**TASK TO COMPLETE**
What's wanted is each entry repeated verbatim, minus its images.

[Captioned web images]
--
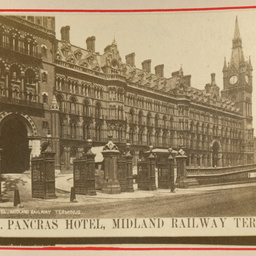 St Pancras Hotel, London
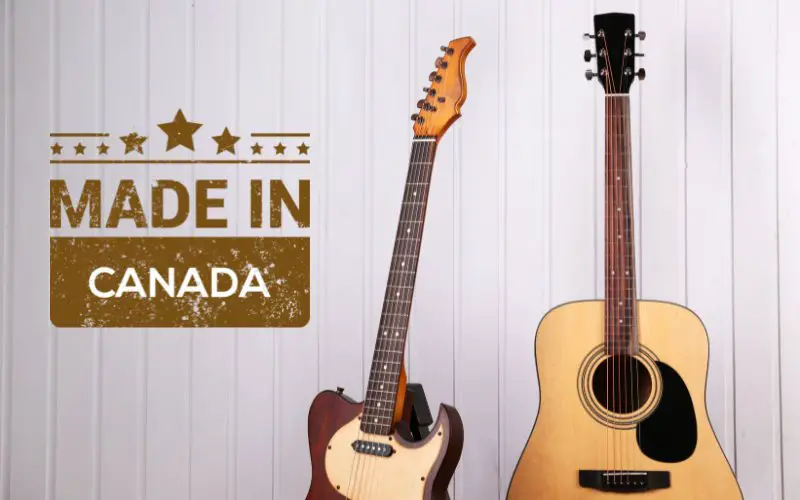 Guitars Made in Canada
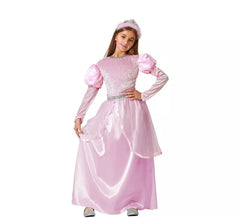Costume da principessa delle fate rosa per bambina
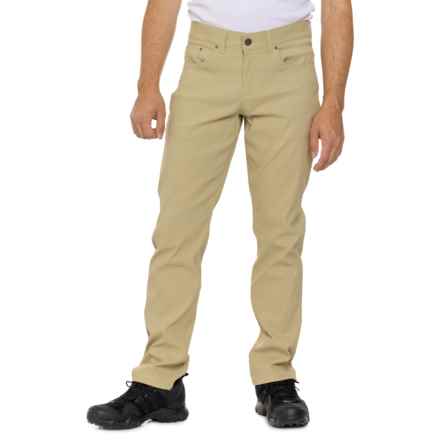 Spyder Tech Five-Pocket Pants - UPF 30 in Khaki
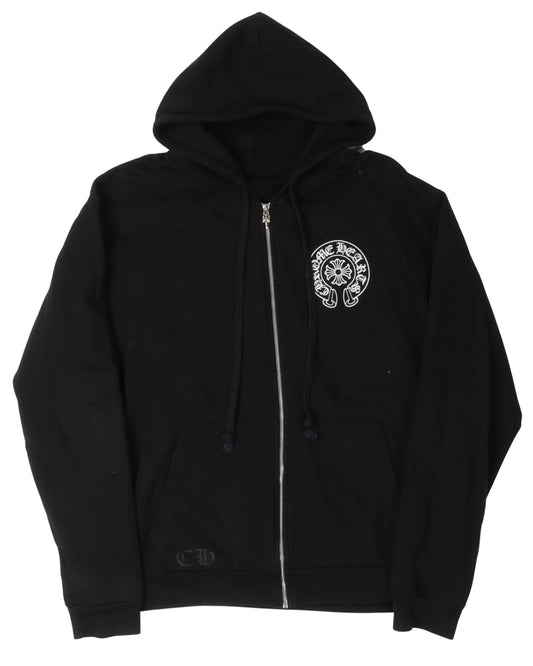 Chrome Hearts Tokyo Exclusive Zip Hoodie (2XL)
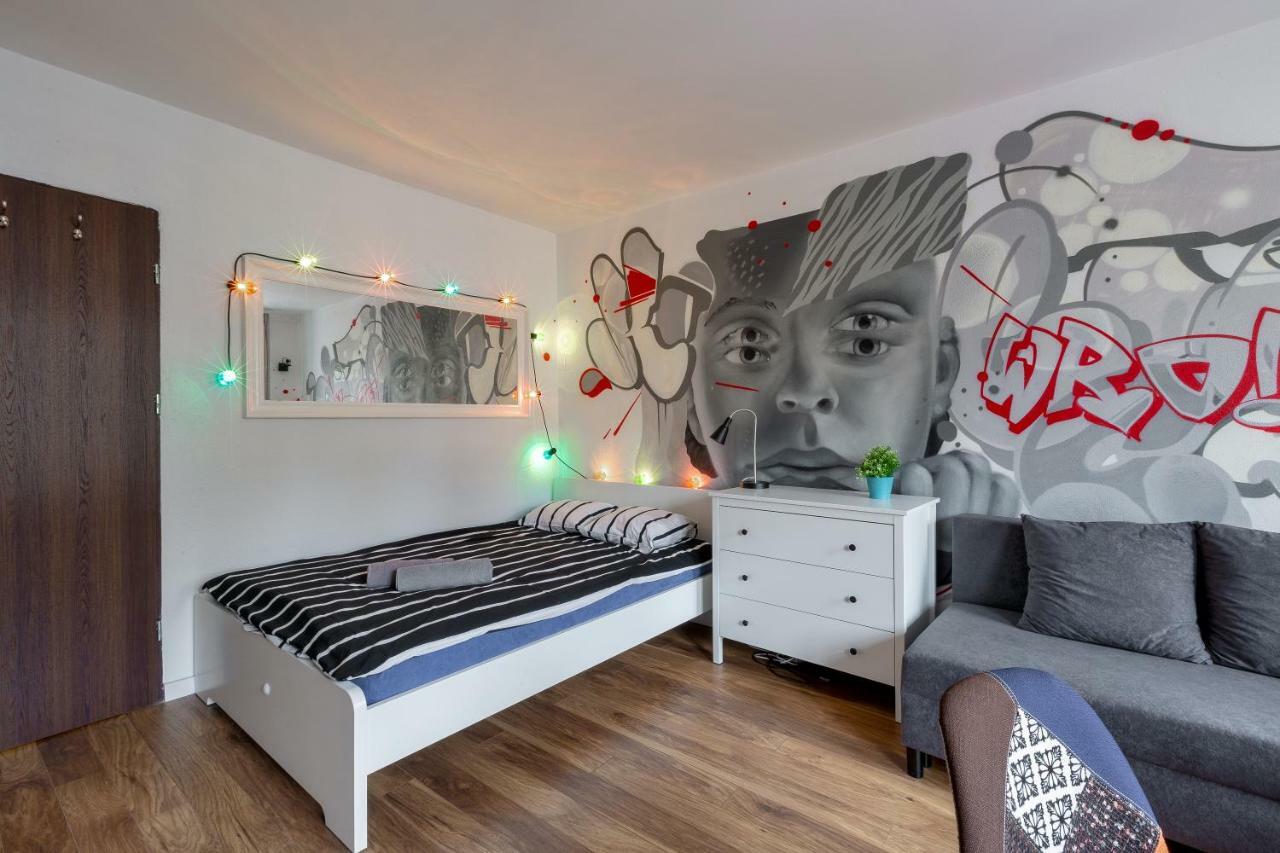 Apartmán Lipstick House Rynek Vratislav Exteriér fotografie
--
**RESPONSE TO THE TASK**
 St Pancras Hotel, London
 Guitars Made in Canada
Costume da principessa delle fate rosa per bambina
 Spyder Tech Five-Pocket Pants - UPF 30 in Khaki
 Chrome Hearts Tokyo Exclusive Zip Hoodie (2XL)
 Apartmán Lipstick House Rynek Vratislav Exteriér fotografie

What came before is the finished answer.